Unnecessary Accidental Complexity and Necessary Accidental Complexity

You’ve got unnecessary accidental complexity and necessary accidental complexity, but how do you tell the difference between the two? How do you make sure that you are working with the necessary stuff only and not introducing any unnecessary stuff? What has this got to do with the cloud? The cloud and our move to the cloud as an industry has made this question more important, more pertinent. The reason it’s made it more pertinent, is because the cloud opens up a world of possibilities to us. It opens up the ability for us to go in and say, we’d like to try something out. We’d like to try a new thing. Let’s write something up, spin it up on an instance, and test it out, see if it works. If it doesn’t, we can take it down again. Gone are the days where you would have to write up a business case for buying a new server, and installing the server and all of the paraphernalia and fire safety equipment in a server room somewhere, in order to be able to try out your new thing. That squashed a lot of innovation. Nowadays, you can just spin up a new instance, brilliant, and try it out.

As a wise comic book character once said, with great power comes great responsibility. The power that you now have to create, and design, and spin up things very quickly means that you also have the responsibility to question whether that thing you’re generating is necessary accidental complexity or unnecessary accidental complexity? Is it actually helping you deploy what you need, what you drew on the whiteboard, the problem that your organization is trying to solve, or is it going to slow things down? The sad reality is that the answer for the vast majority of tooling that you have is probably both. It’s probably introducing both necessary accidental complexity and unnecessary stuff. It’s probably both helping you deploy the thing and putting blockers in your way. The question is less how can you stop introducing unnecessary complexity, but how can you limit it as much as possible?

This has been Starling Bank’s key thinking since day one. Our philosophy of rampant pragmatism is the question of how do we make sure that we don’t introduce, or introduce unnecessary accidental complexity as little as possible, to reduce it down to the minimum it can possibly be? That is the philosophy. We carefully weigh up our options every time we have something. We go, what do we need right now? What is necessary now in order to deploy this thing? Is what we’re deploying here really necessary, or could we get away with doing something simpler? As a result, our tech stack ends up being fairly simple, because every new tool, every new framework, every new way of doing things is subjected to a rigorous question of, is this going to increase the amount of unnecessary accidental complexity too much? If it is, then it is rejected, which is oftentimes why we use old languages such as Java, and so on.

Starling Bank’s Code Deploy Journey

Let’s talk through our journey through our various different ways we have deployed code into production, as an illustration of this philosophy. We start off with, what does Starling look like in the backend? What Starling looks like is reasonably simple. We have about 40 to 50, what we call self-contained systems. Whether these are microservices or not, is a question up for debate. I personally think they’re too big, but then, how big is a microservice is a question that we could spend all day discussing? I call them microliths. What they do is each one of them has a job to do that covers an area of functionality, such as processing card payments, for example, or storing a customer’s personal details perhaps, or holding details about customers’ accounts and their balances, and so on.
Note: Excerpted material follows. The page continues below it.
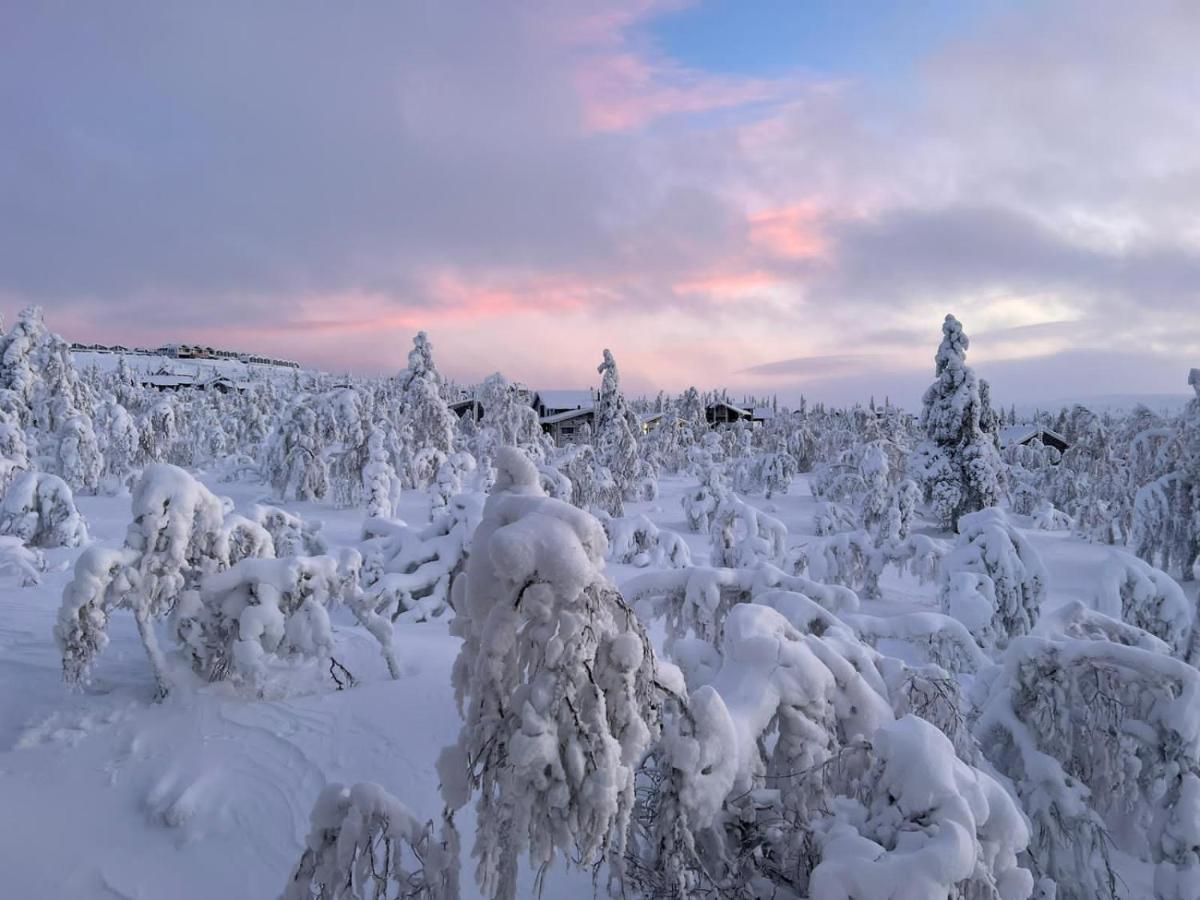 Villa Haukka Saariselka Exteriér fotografie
Each one of these self-contained systems holds those details.

We had all of those individual systems and they are theoretically deployable on their own. They’re theoretically individually deployable. We could go and increase the version of one of them, and none of the others. When we started, we rarely did that. By convention, we deployed them all together. They were all on version 4, and then we all move them all up to version 5, and then 6, and so on. They were all in lockstep with one another. We were deploying as a monolith. The question becomes, if you were deploying as a monolith, why not just write a monolith? Which is an interesting question. The reason that we kept deploying them as a monolith is because it made things much simpler. It reduced the amount of accidental complexity we had to deal with. We weren’t being hamstrung by the fact that we had to deploy them all together as a monolith and keep going. It wasn’t slowing us down in the early days. Trying to deploy them individually would have meant that we had to test the boundaries between them. They each had their own APIs, which they use to contact each other. If we had deployed them individually, we would have had to put tests around these APIs to make sure that we weren’t deploying a breaking change, for example, and those tests would have hardened the API shell and made it more difficult to change and that sort of thing.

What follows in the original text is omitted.